Matt Higginson, partner at McKinsey's office in Boston, US, said he expects some consolidation by competing consortia, such as through the merger of trade finance solutions, expanded adoption of some protocols and the growth of more mature, regulated platforms for digital assets.

"Over the past 18 months, the early enthusiasm for blockchain offering solutions to many of the (corporate) world's perennial pain points appears to have waned," Higginson said. "Instead, efforts have doubled down on applications where the unique properties of distributed ledger technology (and blockchain) provide additional value beyond existing solutions."

Higginson said the key applications of blockchain are: cross-border payments; supply chain; trade finance; asset management; and digital identity. He added that he believes these applications will become more mainstream next year.

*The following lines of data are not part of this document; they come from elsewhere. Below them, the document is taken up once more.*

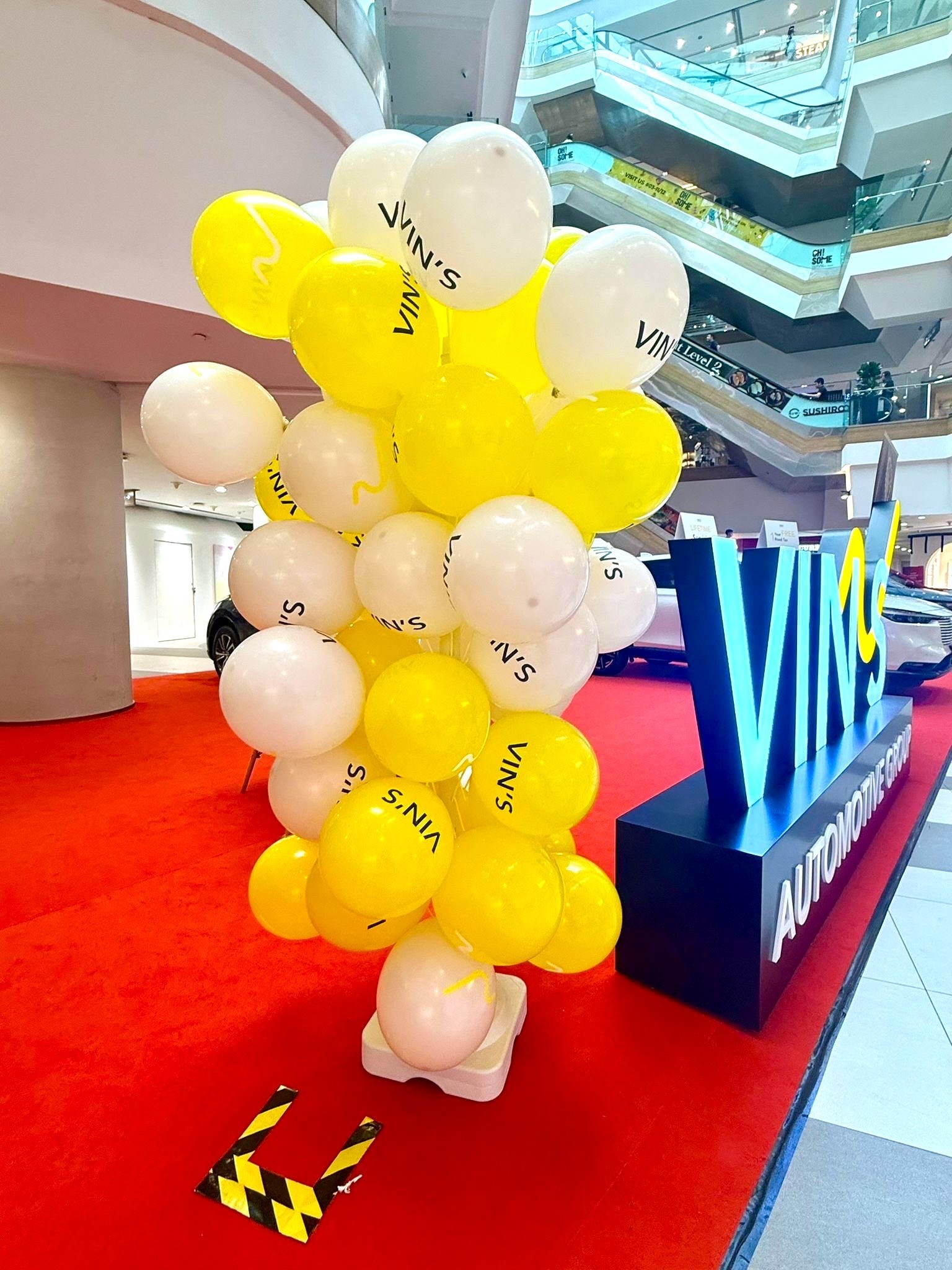 Custom printed balloon column Advertising Balloon Singapore automotive event
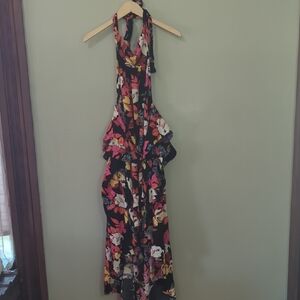 Free People Floral Halter Neck Dress CD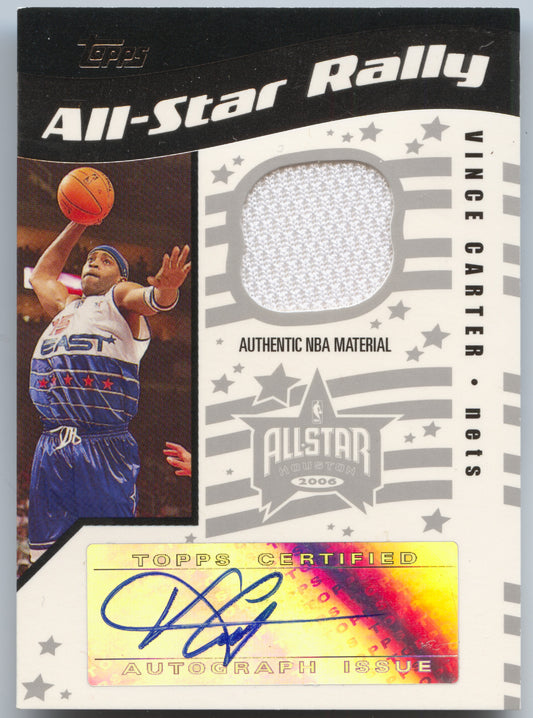 Basketball NBA Vince Carter 2006 Topps All-Star Rally #ASRA-VC /199 Auto New Jersey Nets Trading Card Original
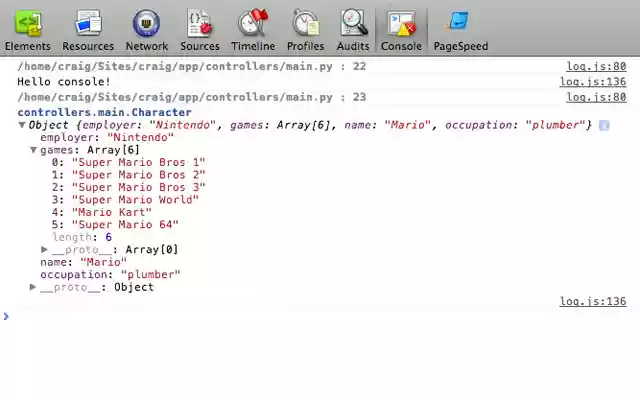 Chrome Logger  from Chrome web store to be run with OffiDocs Chromium online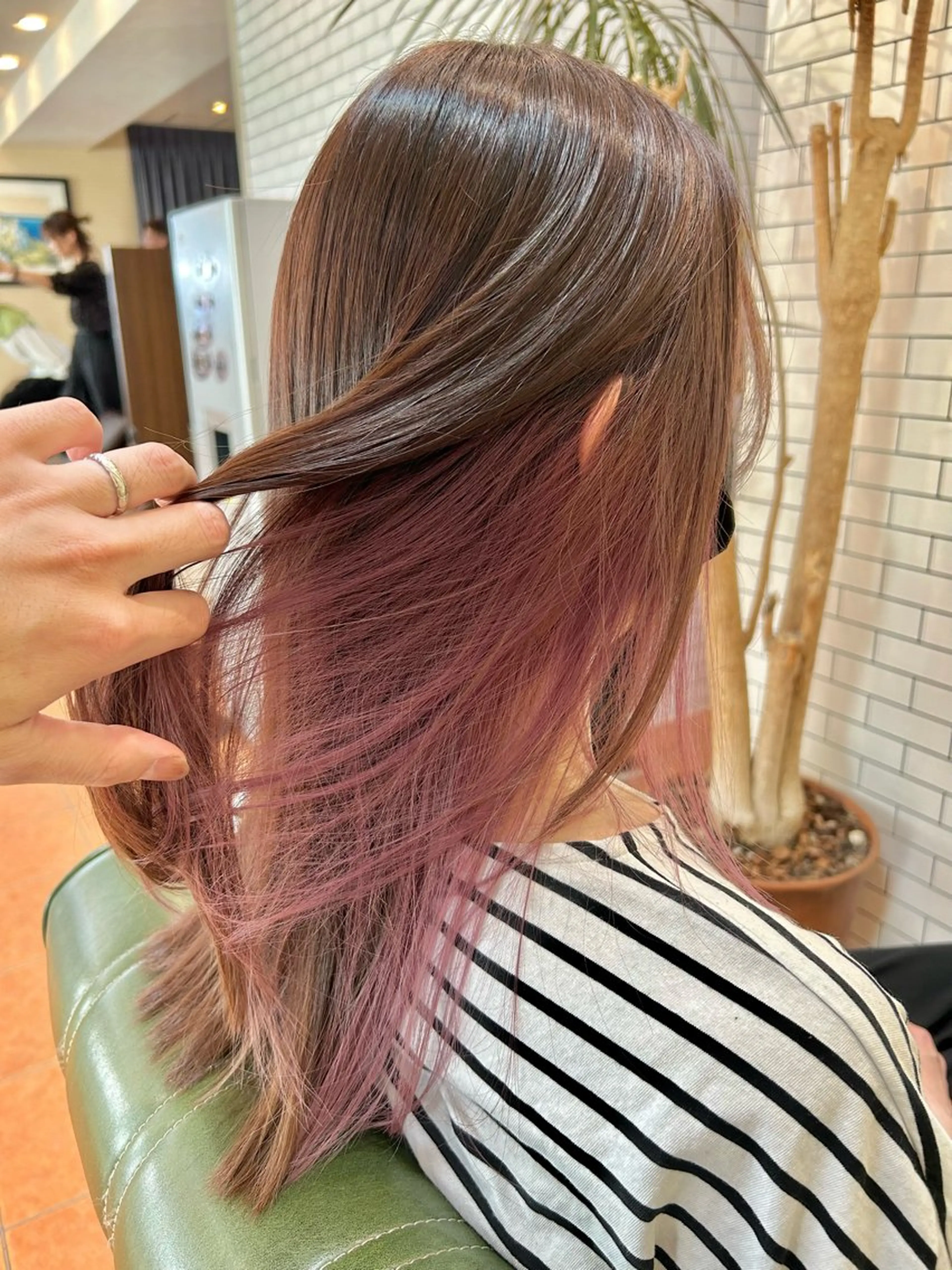 ロング カラー ヘアカラー トリートメント 石井 佑樹のヘアスタイル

"If investment in the technology in Asia expands or continues apace, the natural epicenter for growth will gravitate to Asian markets," he said, noting that many efforts have already been made in digitizing money and shipping documents, and establishing digital asset trading platforms.

Sin said: "I definitely believe China will be the place to watch in 2020, with all these experiments and all the funding going into blockchain. There will be faster, more secure and more decentralized infrastructure or technology in blockchain."

More integration will be seen in China between blockchain and other technologies such as the internet of things and artificial intelligence, Sin added, in view of the vast amount of data the country can gather.